# [Available data]

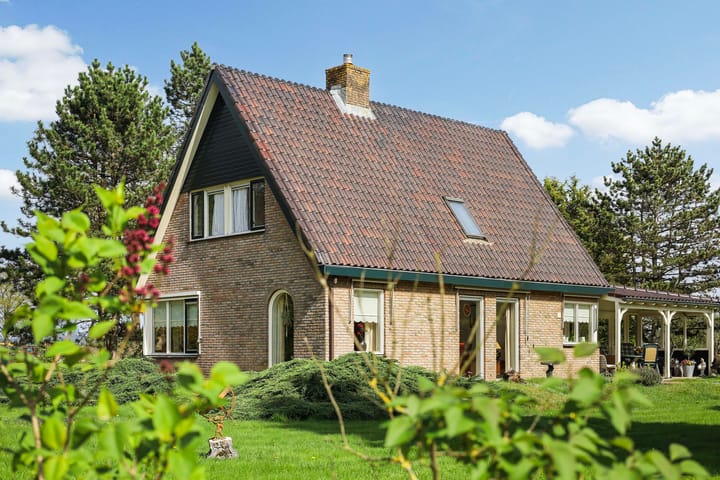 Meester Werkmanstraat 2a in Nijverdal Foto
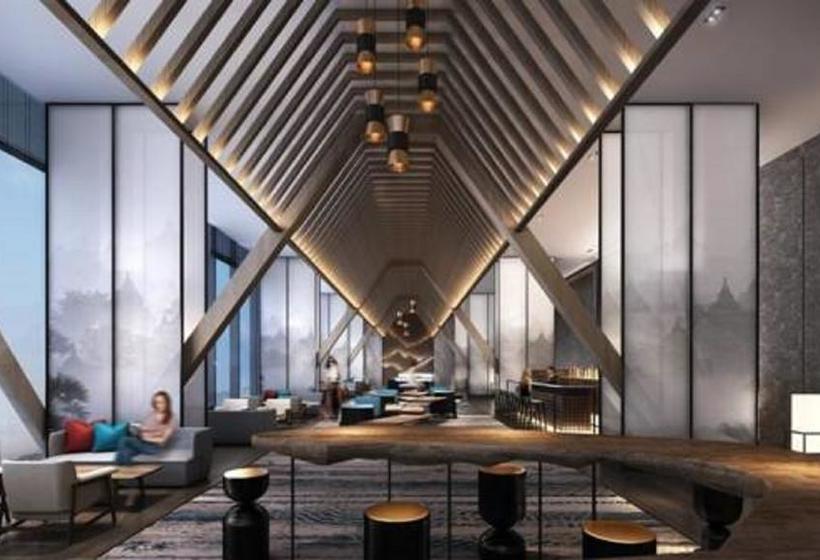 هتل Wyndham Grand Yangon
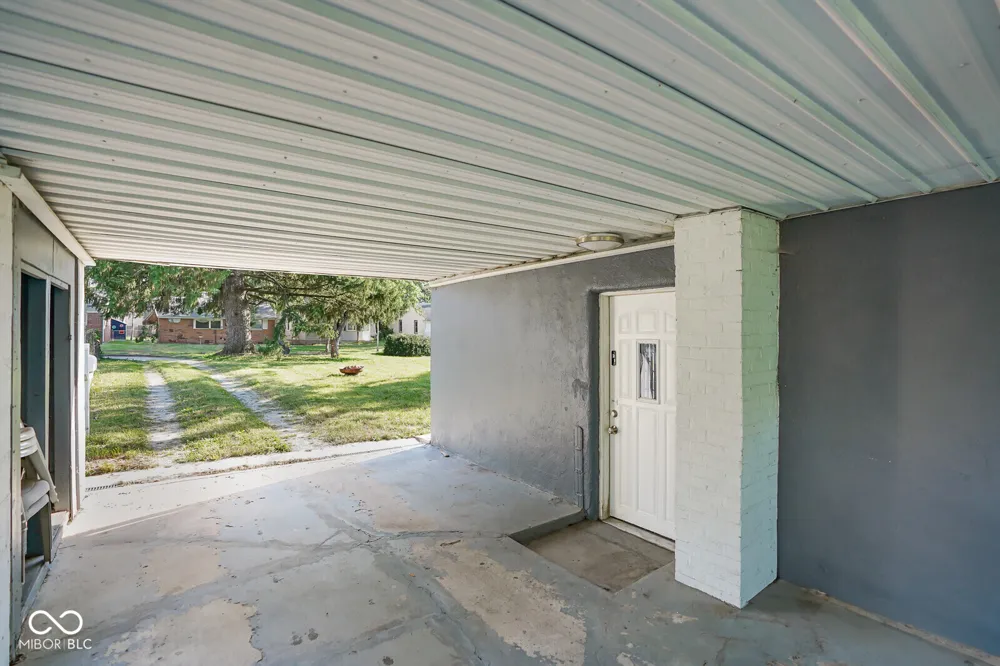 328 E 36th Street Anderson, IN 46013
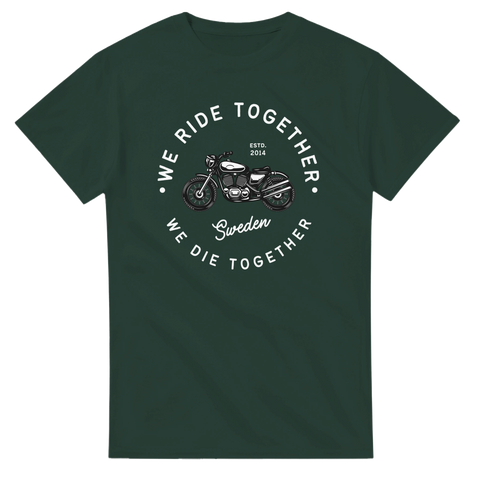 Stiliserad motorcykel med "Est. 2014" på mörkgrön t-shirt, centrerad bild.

# [Assignment]
Copy all the lines of data exactly as they appear, dropping any images.

# [Worked solution]
 Meester Werkmanstraat 2a in Nijverdal Foto
 هتل Wyndham Grand Yangon
 328 E 36th Street Anderson, IN 46013
 Stiliserad motorcykel med "Est. 2014" på mörkgrön t-shirt, centrerad bild.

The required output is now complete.